** How to complete this task **
Restate, word for word and with no pictures, the stretch of lines in the data below that begins at the line with "Used 2021 Porsche" and ends at the line with "Vintage uranium dish with handles", inclusive.

** Supplied material **
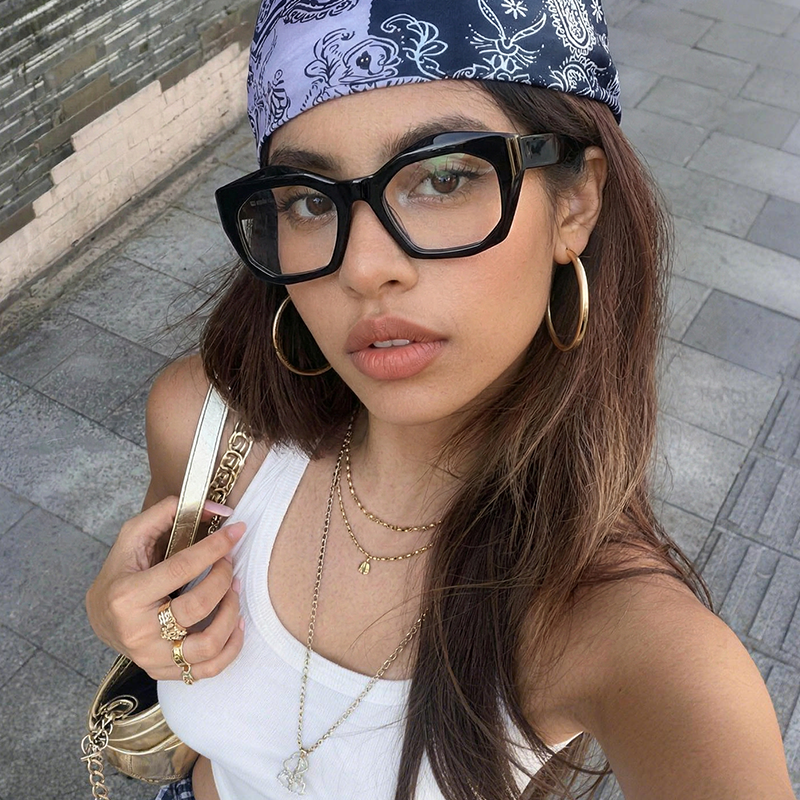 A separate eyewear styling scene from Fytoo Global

--

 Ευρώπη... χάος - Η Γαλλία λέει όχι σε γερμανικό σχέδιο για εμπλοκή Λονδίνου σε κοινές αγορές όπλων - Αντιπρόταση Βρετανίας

* * *

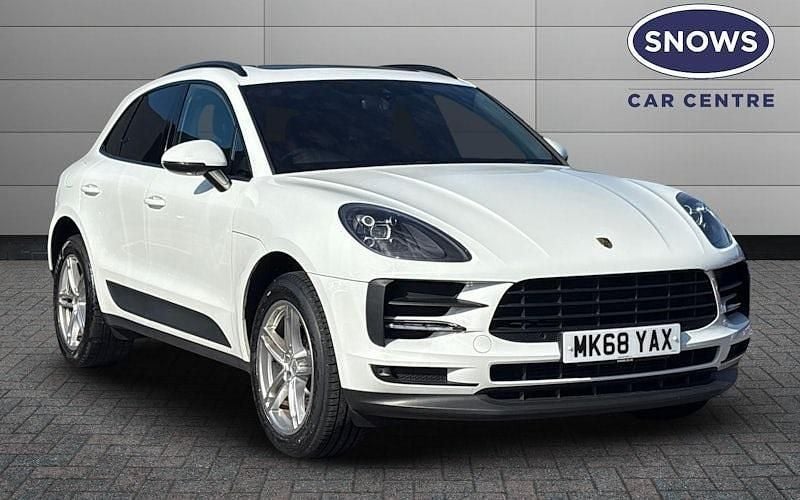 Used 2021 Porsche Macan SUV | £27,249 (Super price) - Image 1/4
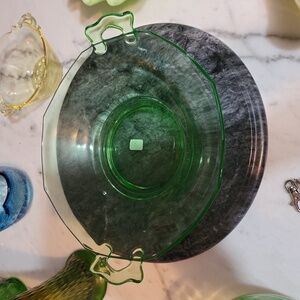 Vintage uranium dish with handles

** Reply **
 Used 2021 Porsche Macan SUV | £27,249 (Super price) - Image 1/4
 Vintage uranium dish with handles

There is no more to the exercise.